Lets do this crash lesson again.
"Let's do this crash lesson again." The Big Short

On the night Trump was elected, the Dow Jones was at 18,000 points. Today, it hit 20,000 points. That is a 2,000-point increase. That shit is straight up crazy.


What you will not find in the real economy are activities that can answer to or justify those increases. What's happening, however, is no mystery. It has a very clear beginning and its end needs no scrying or haruspicating to predict.
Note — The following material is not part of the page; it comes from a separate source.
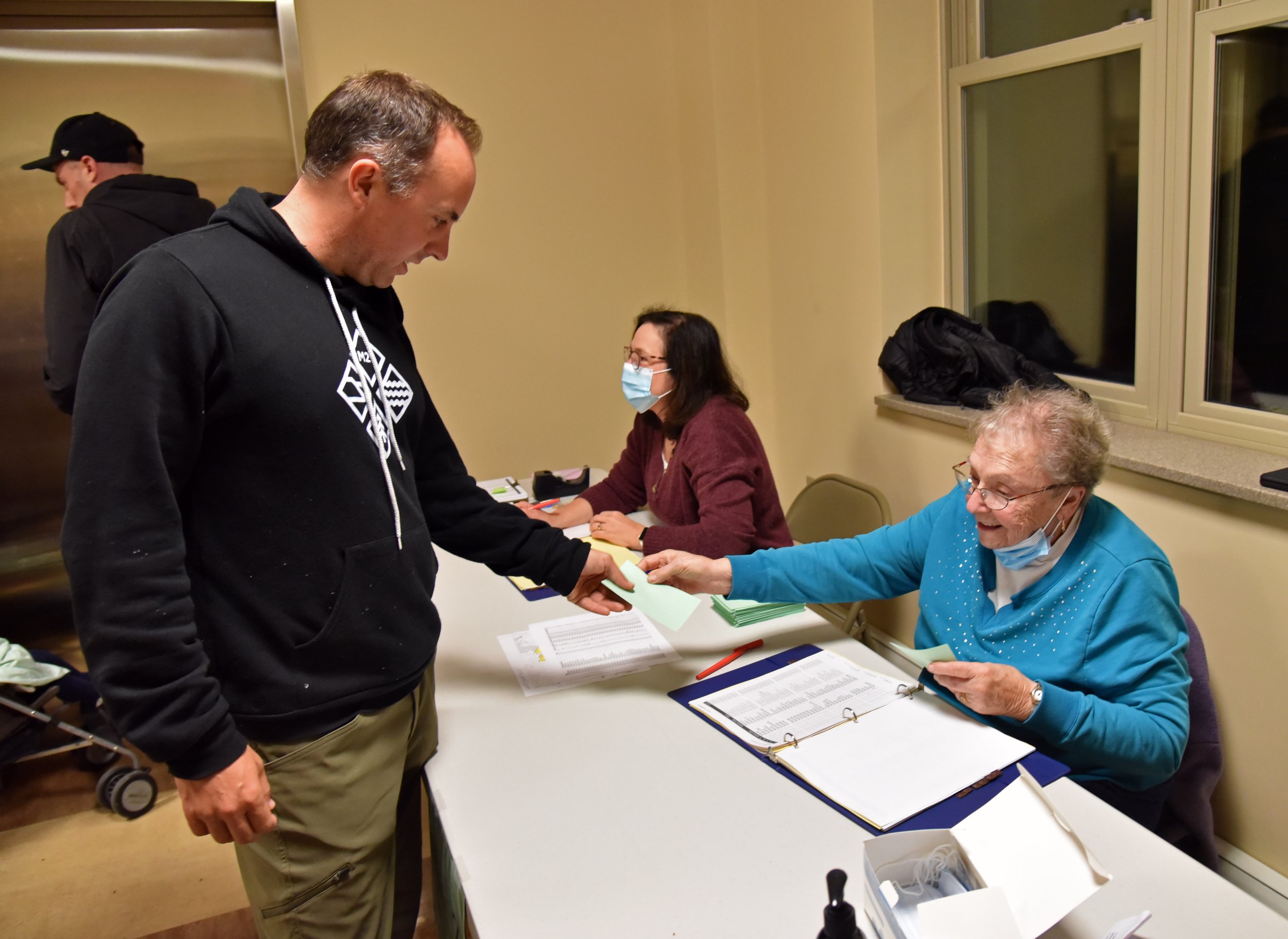   Members of the Board of Civil Authority checked voters names on the checklist and handed out simple paper ballots. Photo by Gordon Miller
The market is keen on Trump and the GOP-controlled houses for one reason only, and this has, sadly, nothing to do with some deregulation of markets or increased structural friendliness to market goals. No, this is all about what, in economics, is called "moral hazard" (or, "lack of incentive to guard against risk"). People with lots of money, and who have nothing better to do with their lives than make more out of what they already have too much of, as well as investment institutions that need returns of 8 percent to realize a profit on pension funds, are rushing into the equity markets because they are under the impression that risky betting, that utter foolishness, will not be punished by the current administration. This is the only game in town, son. This impression. If there was any fear that Trump or the GOP would punish them for making lots of nonsensical "investments," and transfer the losses to the public, this Trumphoria would be over just like that.

Now recall the five steps of a bubble, as theorized by the heterodox economist Hyman Minsky. The first stage, according to his thinking (which many consider an accurate reflection of the real world of finance) is a displacement event. A displacement is a disruption by some change in the law or fiscal policy or technology that essentially presents, by its surprise or newness, an opening to the only place where the returns that big (and institutional investors restlessly search for and can't live without) exist: the future.

The displacement for this current bubble was Trump's unexpected win against favored candidate, Hillary Clinton. This triggered a boom (stage two), and the current euphoria (stage three). Next, the smart money will begin departing the market (stage 4). But the dumb and desperate money, much of it heavily leveraged, will stay and cause the irrational persistence of high asset prices (see the last 30 minutes of The Big Short for a dramatization of this irrationality). Finally, panic will hit, and the whole thing will crash hard because the higher up you go, the further you have to fall.

The question is: Who will pay for Trumporia? You will. My recommendation? Begin paying off debts now, while jobs are still around. The next crash will be very painful.